The biblical record and the historical observance of the Passover and the Festival of Unleavened Bread by ancient Israel and the Jews of Jesus' day show a sacrificial ceremony which begins with the sacrifice of the Passover lamb during the afternoon of the 14th day before sunset and the eating of the sacrificial lamb during the evening of the 15th day, which is the first day of the Festival of Unleavened Bread.
There are two facts to take note of at this point:
- The original Passover ceremony spans a time period which includes the end of one day and the beginning of another.
- The lamb was selected for sacrifice on the 10th day of Nisan, killed during the afternoon of the 14th day before sunset, and eaten during the evening of the 15th day, which began the first day of the Festival of Unleavened Bread.

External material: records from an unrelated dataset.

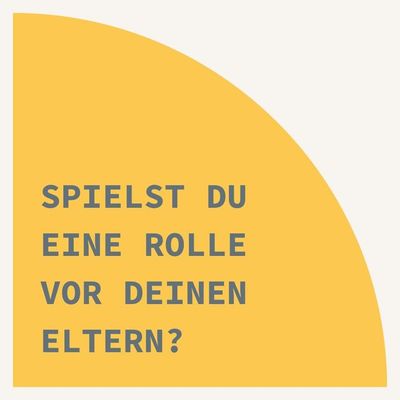 Spielst du eine Rolle vor deinen Eltern?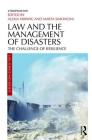Law and the Management of Disasters: The Challenge of Resilience Cover Image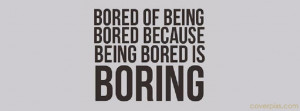 Boring Quotes Facebook Timeline Covers Photos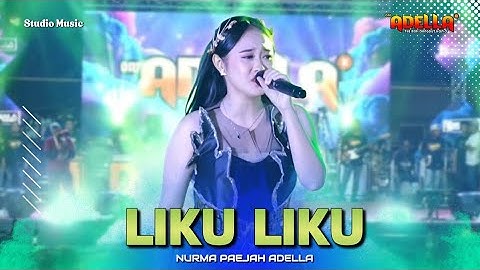 LIKU LIKU - Nurma Paejah Adella | OM ADELLA LIVE JEPARA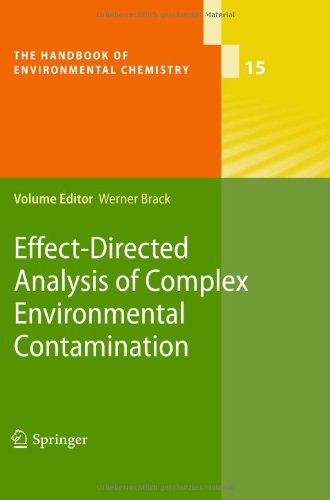 Effectdirected Analysis Of Complex Environmental Contamination 1st Edition Gerald T Ankley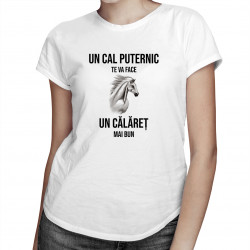 Un cal puternic te va face un călăreț mai bun - T-shirt pentru femei cu imprimeu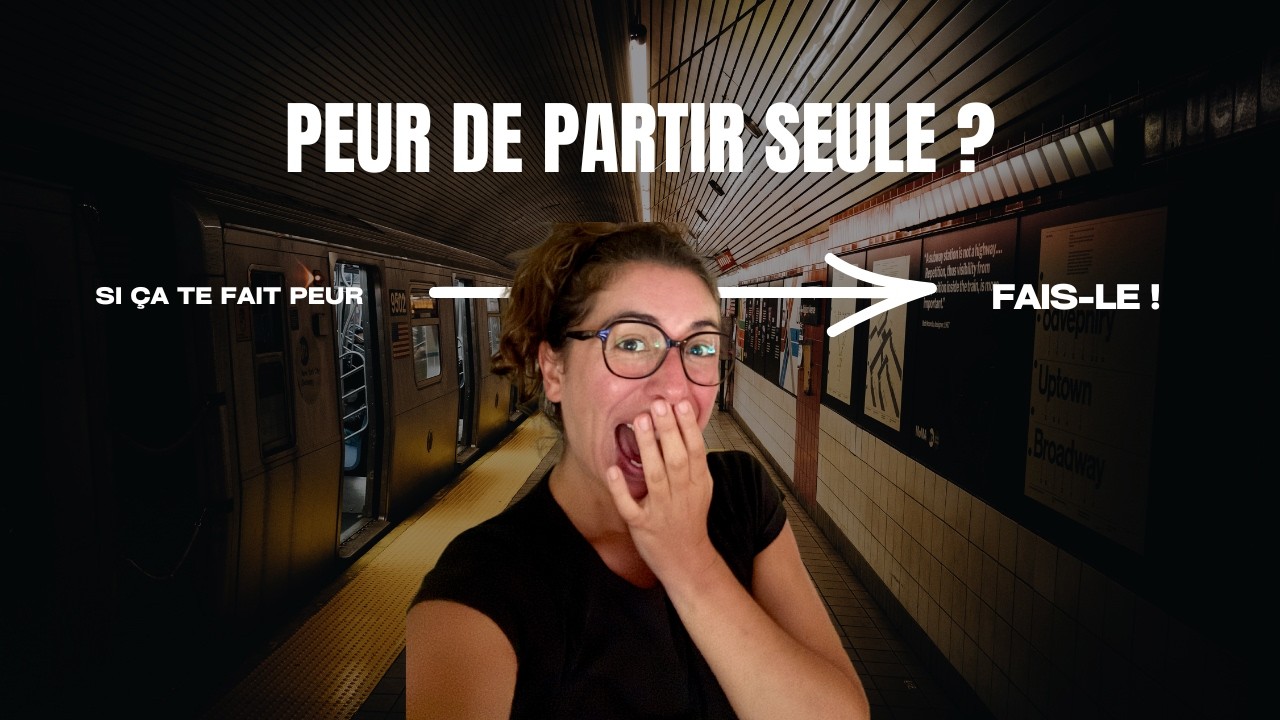 Peur de voyager seule ? Voici comment l’apprivoiser et partir !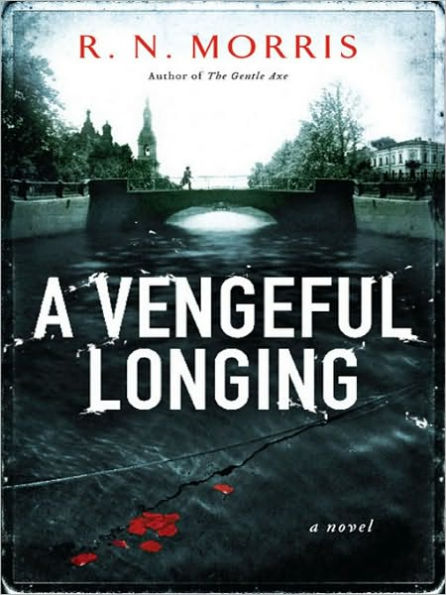 A Vengeful Longing: A Novel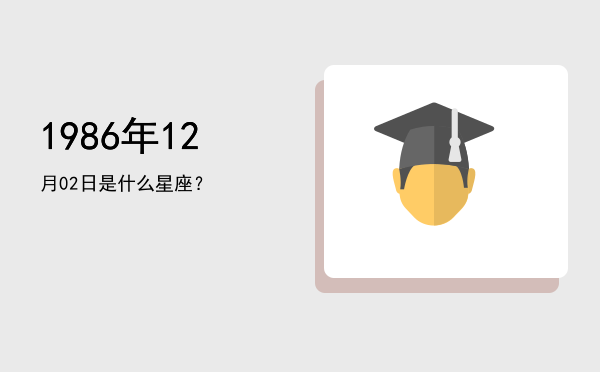 1986年12月02日是什么星座？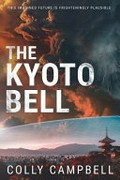 The Kyoto bell / Colly Campbell.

The sequence of the Passover which Jesus and his disciples observed was the same as the Jews of his day: a lamb was sacrificed at the temple before sunset, the lamb was roasted, and then eaten after sunset.
The insertion of a full day between the performance of the Passover (as instructed by Christ) and the first day of the Festival of Unleavened Bread results in the Passover being observed on the wrong day.
There is no support in the biblical or historical records for a banquet celebration on the eve of the 15th of Nisan. In fact, the apostle Paul reprimanded the elect at Corinth for having a festive meal during the Passover ceremony—the eve of the 15th of Nisan. See 1.Cor.11:17-34.